Alle wussten es, außer mir! Man sagt mir nach, schlagfertig zu sein. Aber das ist natürlich Quatsch – finde ich jedenfalls. Ja, ich habe ein loses Mundwerk. Gut, mir fallen manchmal auch Antworten ein, die andere Menschen verblüffen. Nicht, weil diese Antworten so toll sind, sondern eher, weil sie eben überraschend kommen, sich nicht immer nur streng auf eine soeben gestellte Frage beziehen und dieser mit aller gebotenen Ernsthaftigkeit eine erhellende Entgegnung bieten.

Schlagfertigkeit. Was soll das? Kann man das essen? Wozu ist das gut? Ist das immer gut? Welchen Preis muss ich dafür zahlen?

Schnell, treffend, oft witzig, kommt die Schlagfertigkeit zum Einsatz, manchmal auch als Reaktion auf einen sprachlichen Angriff. Und dann ist zugleich Vorsicht geboten, denn ich will ja niemanden beleidigen. Aber genau das kann mit einer schlagfertigen Antwort schnell passieren. Sie wirkt dann tatsächlich wie ein Schlag. Mitten ins Kontor. Und sie macht fertig: zuerst den anderen, dann mich selbst.
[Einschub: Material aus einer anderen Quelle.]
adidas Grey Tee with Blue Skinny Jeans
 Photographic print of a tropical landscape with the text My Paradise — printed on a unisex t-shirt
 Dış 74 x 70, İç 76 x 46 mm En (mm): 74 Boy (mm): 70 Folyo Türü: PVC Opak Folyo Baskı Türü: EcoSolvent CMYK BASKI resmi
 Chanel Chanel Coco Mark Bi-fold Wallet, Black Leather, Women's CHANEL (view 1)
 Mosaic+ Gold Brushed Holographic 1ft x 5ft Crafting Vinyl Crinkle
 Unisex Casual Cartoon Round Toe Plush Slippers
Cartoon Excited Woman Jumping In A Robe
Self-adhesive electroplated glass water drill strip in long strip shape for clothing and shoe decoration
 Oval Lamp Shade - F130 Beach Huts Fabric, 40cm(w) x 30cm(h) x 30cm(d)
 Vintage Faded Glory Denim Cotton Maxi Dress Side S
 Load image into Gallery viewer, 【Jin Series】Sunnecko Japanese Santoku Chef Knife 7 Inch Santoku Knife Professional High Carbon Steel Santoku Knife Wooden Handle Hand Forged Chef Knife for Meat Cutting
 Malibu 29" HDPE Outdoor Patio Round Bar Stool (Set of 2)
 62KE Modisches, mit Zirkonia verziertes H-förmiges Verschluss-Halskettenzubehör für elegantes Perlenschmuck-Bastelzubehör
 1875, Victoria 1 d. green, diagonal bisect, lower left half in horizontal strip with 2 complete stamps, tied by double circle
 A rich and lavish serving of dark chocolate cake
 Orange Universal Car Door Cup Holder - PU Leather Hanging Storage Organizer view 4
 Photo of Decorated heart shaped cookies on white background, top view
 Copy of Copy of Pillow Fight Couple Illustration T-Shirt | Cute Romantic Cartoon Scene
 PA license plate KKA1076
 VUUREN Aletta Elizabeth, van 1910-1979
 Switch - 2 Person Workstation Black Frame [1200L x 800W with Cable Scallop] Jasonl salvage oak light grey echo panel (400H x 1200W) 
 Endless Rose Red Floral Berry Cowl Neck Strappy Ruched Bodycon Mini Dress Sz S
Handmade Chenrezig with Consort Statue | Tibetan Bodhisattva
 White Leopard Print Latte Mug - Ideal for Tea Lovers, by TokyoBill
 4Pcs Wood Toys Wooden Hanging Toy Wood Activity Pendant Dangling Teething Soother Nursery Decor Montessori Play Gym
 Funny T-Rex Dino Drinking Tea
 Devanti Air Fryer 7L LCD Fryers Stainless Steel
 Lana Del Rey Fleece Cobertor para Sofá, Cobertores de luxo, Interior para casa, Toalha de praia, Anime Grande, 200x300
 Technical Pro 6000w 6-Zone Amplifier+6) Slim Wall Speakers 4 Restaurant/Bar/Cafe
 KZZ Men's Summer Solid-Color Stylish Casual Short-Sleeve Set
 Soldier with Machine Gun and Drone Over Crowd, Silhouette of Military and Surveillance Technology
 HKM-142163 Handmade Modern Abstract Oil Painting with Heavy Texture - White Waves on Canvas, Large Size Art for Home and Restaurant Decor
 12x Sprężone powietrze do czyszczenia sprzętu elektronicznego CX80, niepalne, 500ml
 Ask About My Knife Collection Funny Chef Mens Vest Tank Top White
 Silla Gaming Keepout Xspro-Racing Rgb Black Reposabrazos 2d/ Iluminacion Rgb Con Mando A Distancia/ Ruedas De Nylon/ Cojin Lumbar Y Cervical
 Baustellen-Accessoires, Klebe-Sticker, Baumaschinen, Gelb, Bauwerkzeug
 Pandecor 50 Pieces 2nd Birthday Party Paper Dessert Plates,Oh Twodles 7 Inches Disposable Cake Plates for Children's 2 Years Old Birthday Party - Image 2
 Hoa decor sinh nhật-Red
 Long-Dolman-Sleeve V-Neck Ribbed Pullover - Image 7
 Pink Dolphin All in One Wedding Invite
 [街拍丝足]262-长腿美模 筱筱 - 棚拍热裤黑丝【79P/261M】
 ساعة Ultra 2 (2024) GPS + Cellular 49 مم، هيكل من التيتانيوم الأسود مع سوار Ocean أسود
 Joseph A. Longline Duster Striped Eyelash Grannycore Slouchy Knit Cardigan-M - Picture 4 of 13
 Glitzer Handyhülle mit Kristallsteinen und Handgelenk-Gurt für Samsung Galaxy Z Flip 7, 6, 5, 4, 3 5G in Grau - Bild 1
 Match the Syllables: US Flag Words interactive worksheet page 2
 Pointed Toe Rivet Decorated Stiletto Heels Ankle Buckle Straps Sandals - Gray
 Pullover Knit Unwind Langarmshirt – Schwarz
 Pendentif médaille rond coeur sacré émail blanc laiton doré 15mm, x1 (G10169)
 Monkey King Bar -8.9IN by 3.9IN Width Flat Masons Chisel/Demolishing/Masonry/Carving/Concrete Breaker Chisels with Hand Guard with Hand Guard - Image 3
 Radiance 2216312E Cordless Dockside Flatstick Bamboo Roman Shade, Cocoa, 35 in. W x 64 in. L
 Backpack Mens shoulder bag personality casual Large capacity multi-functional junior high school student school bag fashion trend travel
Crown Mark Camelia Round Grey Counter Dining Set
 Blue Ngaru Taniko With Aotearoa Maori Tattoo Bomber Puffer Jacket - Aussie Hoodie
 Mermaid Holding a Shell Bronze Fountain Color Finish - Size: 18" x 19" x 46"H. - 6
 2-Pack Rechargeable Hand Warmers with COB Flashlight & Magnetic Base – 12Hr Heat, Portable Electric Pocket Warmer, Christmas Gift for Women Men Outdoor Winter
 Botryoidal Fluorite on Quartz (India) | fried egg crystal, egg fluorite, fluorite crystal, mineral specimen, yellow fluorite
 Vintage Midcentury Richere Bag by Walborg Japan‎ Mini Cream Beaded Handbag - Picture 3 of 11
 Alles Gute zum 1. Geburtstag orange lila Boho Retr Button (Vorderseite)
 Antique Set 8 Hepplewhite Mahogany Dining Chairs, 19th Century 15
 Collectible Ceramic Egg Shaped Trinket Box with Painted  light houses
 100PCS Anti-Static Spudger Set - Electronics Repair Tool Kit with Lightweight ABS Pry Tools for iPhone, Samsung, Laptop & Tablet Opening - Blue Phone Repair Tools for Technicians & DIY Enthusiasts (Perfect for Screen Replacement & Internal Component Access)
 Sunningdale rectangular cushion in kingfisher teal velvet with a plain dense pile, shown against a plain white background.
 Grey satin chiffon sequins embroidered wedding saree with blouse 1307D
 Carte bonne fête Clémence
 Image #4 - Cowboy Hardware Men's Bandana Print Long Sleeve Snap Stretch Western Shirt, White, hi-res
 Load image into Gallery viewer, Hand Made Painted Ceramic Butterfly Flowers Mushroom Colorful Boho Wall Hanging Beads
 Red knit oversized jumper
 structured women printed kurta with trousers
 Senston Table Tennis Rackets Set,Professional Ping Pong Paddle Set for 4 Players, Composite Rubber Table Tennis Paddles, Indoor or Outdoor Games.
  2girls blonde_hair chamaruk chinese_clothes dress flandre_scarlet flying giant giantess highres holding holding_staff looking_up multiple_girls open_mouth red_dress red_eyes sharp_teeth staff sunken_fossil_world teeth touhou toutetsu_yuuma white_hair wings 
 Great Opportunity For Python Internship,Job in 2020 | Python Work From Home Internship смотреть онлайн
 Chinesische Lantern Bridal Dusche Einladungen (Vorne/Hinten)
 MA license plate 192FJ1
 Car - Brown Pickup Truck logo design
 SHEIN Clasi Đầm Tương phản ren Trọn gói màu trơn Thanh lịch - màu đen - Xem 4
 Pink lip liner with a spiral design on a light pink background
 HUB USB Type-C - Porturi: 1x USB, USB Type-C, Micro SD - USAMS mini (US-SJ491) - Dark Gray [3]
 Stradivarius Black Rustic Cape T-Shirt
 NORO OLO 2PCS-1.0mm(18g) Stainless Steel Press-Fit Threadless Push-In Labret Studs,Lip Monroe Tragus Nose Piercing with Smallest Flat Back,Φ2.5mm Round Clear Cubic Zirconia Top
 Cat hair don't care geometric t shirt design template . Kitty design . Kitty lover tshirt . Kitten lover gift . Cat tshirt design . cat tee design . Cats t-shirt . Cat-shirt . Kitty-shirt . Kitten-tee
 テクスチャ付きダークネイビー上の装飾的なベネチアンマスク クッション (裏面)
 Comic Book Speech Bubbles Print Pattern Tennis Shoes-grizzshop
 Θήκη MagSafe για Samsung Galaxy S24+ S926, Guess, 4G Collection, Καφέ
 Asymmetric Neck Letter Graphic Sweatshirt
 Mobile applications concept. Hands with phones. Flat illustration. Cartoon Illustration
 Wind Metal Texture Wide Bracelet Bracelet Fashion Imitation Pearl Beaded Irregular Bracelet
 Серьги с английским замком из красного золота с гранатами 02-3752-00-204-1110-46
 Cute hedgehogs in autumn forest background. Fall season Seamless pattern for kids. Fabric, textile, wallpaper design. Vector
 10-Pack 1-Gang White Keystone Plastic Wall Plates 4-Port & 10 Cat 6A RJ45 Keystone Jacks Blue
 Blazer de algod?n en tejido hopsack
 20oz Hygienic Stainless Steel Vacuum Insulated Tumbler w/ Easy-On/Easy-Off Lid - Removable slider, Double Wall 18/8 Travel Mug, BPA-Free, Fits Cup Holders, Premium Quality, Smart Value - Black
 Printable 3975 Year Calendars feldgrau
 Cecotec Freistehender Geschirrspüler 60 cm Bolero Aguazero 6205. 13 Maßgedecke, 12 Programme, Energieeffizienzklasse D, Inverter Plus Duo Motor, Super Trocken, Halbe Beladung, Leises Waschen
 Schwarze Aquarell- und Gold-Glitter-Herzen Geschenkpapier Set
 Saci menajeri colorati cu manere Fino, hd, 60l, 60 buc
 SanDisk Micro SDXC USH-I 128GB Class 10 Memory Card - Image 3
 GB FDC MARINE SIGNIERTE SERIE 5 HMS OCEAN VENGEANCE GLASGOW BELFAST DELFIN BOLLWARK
Otto von Bismarck, Franz-Josef Strauß, Herbert Wehner, Winston Churchill – die waren als schlagfertig regelrecht berüchtigt. Keiner von denen möchte ich sein, und zwar aus – Gründen!

Ich finde mich total harmlos, will nur spielen und niemandem etwas zuleide tun. Mir dient die Schlagfertigkeit eher zur Unterhaltung. Viele Witze leben von ihr. Sie hilft mir, wenn es um ein souveränes Herunterspielen peinlicher Zwischenfälle oder provokanter Fragen geht. Und ich nutze meine Schlagfertigkeit als Mittel zur Fortsetzung einer Kommunikation, die sonst an diesem Punkt wohl abgerissen wäre.

Kopf auf, Satz raus – Autsch! Diese Kette will ich vermeiden! Aber natürlich gelingt das nicht immer, und dann muss ich zurückrudern, meinen Spruch relativieren und mich entschuldigen. Wer mich kennt, vertraut zu meinem großen Glück bald darauf, dass ich sowieso nichts Böses im Schilde führe. Und deshalb darf ich auch mal einen flotten Spruch raushauen, den man sonst besser runterschlucken sollte. Da verzeihen mir die Menschen sogar eine ordentliche Portion Ironie. Danke!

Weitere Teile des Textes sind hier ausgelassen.